Christian Frederik Raben (10 September 1693 – 26 February 1773) was a Danish government official. He served as diocesan governor of Lolland-Falster from 1737 to 1763. He owned the estates Kjærstrip and Bremersvold.

==Early life and education==
Raben was born on 10 September 1693 in Copenhagen to Johan Otto Raben (1646-1719) and Emerentia von Levetzow (1669-1746). Raben's father was appointed as lord chamberlain (Hofmarskal) by Christian VI less than a month after Raben was born. He went sent on a Grand Tour abroad as part of his education.

==Career==
In 1711, Raben was appointed court page (kammerjunker) for the crown prince. In 1724, he was appointed as hofmester for the crown princess. In 1727, he was awarded the title of chamberlain (kammerherre).

In 1731-37, he was appointed hofmester for queen Sophie Magdalene.
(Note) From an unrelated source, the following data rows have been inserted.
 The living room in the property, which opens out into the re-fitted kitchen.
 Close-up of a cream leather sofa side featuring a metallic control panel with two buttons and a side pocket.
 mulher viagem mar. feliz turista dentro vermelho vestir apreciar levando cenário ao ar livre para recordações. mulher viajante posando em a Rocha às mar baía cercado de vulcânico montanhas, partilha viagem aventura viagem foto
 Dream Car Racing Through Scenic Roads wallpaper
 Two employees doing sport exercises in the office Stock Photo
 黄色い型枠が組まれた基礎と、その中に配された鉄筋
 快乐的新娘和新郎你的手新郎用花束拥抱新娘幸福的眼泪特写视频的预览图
He concurrently served as county governor of Hørsholm County, which had been granted to the queen in 1730 as her personal property.

In 1737, he was appointed diocesan governor of Lolland-Falster and county governor of Aalholm, Halsted kloster and Maribo counties. He held these posts until 1763. In 1738-69, he concurrently served as provisor of Vallø Kloster. From 1738, he was also associated the Supreme Court. In 1747, he was awarded the title of geheimeråd.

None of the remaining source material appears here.